Vista la sua posizione particolarmente compromessa, dopo essere uscito dal carcere D. decise di presentarsi al comando tedesco per poter essere assunto nella Todt, organizzazione paramilitare al servizio degli occupanti che aveva lo scopo di assicurare manodopera per la costruzione di opere difensive per le armate naziste, al fine di ottenere una valida copertura istituzionale alla sua attività clandestina svolta in favore della Resistenza. Venne dunque inserito tra gli operai dell’ente tedesco e mandato a lavorare nella zona di Recoaro dove, dopo poco tempo, cominciò a tessere stretti rapporti con la banda partigiana «Tordo Valdagno» guidata da Gino Soldà «Paolo» per dare supporto alla rete che permetteva l’apertura di piste sicure per condurre gruppi di ebrei in Svizzera. Nell’estate del 1944, riconosciuto il suo costante impegno nel movimento resistenziale, fu nominato comandante di un battaglione della brigata partigiana «Luigi Pierobon», operante principalmente nella zona tra Padova e Vicenza. Nello stesso periodo, inoltre, diede il proprio contributo alla redazione e alla distribuzione del giornale clandestino «Il Momento», organo della Dc vicentina, fondato su iniziativa di Torquato Fraccon, che si avvaleva della collaborazione di diversi fucini a lui vicini tra cui il futuro presidente del Consiglio Mariano Rumor.

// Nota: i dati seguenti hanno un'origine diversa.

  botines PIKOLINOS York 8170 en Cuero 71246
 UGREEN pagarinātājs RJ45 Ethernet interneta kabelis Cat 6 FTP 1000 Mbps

Nel dopoguerra D. si impegnò attivamente in ambito civile e sociale. Dopo aver dato un fondamentale impulso alla fondazione delle Acli vicentine – di cui assunse la presidenza dal 1958 al 1966 –, ricoprì l’incarico di consigliere provinciale per la Democrazia cristiana, quindi dal 1951 al 1963 venne designato nel ruolo di assessore provinciale alla pubblica istruzione e, successivamente, divenne sindaco di Recoaro Terme. Questo attivismo in ambito provinciale e regionale sfociò nella sua elezione al parlamento come deputato della Dc, carica che mantenne per tre legislature, dal 1963 al 1976, facendo anche parte del direttivo del gruppo parlamentare del partito. Dopo una lunga malattia, D. morì a Vicenza il 15 febbraio del 1992.

Fonti e bibliografia

  • Archivio storico della Biblioteca civica Bertoliana di Vicenza, Archivi politici vicentini, deposito Dall’Armellina.
  • Pierantonio Gios, Azione cattolica e Resistenza nel vicentino, Pliniana, Vicenza 2012, pp. 95-116.